Second, I use scientifically-informed notions of these phenomena to examine how they bear on issues of genuine human concern, such as free will, personal identity, and rational decision-making. Recently, I have also worked on the metaphysics of causation more generally, as well as on questions about (im)mortality.

Publications

“Causation, Physics, and Fit” (2017) Synthese 194 (6): 1945–1965.

“Boltzmannian Immortality” (2017) Erkenntnis 82 (4): 761–776.

“The Asymmetry of Counterfactual Dependence” (2017) Philosophy of Science 84 (3): 436–455.

“Die Richtung der Zeit” (2017) Handbuch der Metaphysik, Stuttgart: Metzler, 256–261.

“Causes as Difference-Makers for Processes” (2017) Philosophy and Phenomenological Research, DOI: 10.1111/phpr.12424.

“Fundamentality and Time’s Arrow” (2018) Philosophy of Science 85: 483–500.

“Making Best Systems Best for us” (2018) Synthese, DOI: 10.1007/s11229-018-1829-1 (with S. Jaag).

“Freier Wille und Naturgesetze: Überlegungen zum Konsequenzargument” (2019) in: Stosch et al.(eds.), Streit um die Freiheit. Paderborn: Schöningh (with A. Hüttemann).

“What Humeans Should Say about Tied Best Systems” (forthcoming) Analysis (with S. Jaag).

“Humean Laws and (nested) Counterfactuals” (forthcoming) Philosophical Quarterly (with S. Jaag).

Dissertation | “Causation and other Asymmetries in Time”

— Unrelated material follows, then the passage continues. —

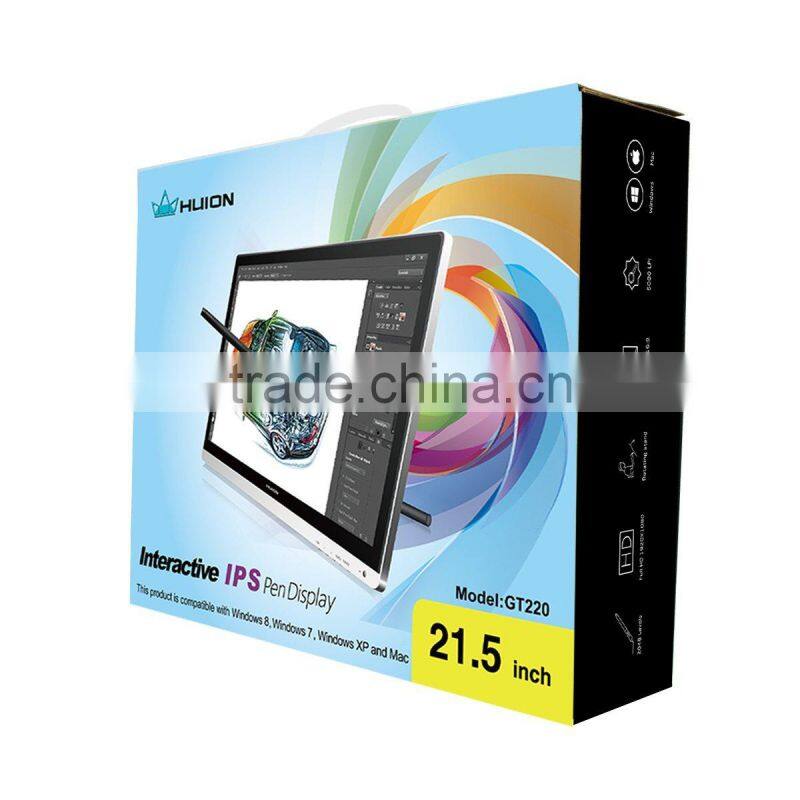Huion GT-220 21.5 inches digital graphic drawing pen tablet monitor with rechargeable stylus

A central problem in the metaphysics of causation is how to reconcile the evident time-asymmetry of causation with our best physics. We think that causation is temporally directed from past to future, yet fundamental physics describes our world in terms of dynamical laws that are (small exceptions aside) time-symmetric. In my dissertation, I argue that the right response to this mismatch is to accept that causation operates in both temporal directions.

Causation is too central to our everyday and scientific reasoning to be eliminated from our metaphysics. At the same time, there is no suitable physical time-asymmetry to underwrite its temporal direction. Instead, I argue that fundamental physics shows that the familiar causal relations in the forward direction are only a subset of a more pervasive physical phenomenon that also has instances in the backward direction. Such a view of causation can still do all the work we want causation to do, in particular in furnishing a theory of explanation and agency. In fact, it not only provides a more scientifically informed understanding of the causal structure of our world, but it also sheds new light on why we cannot control the past and why earlier events explain later events but not vice versa.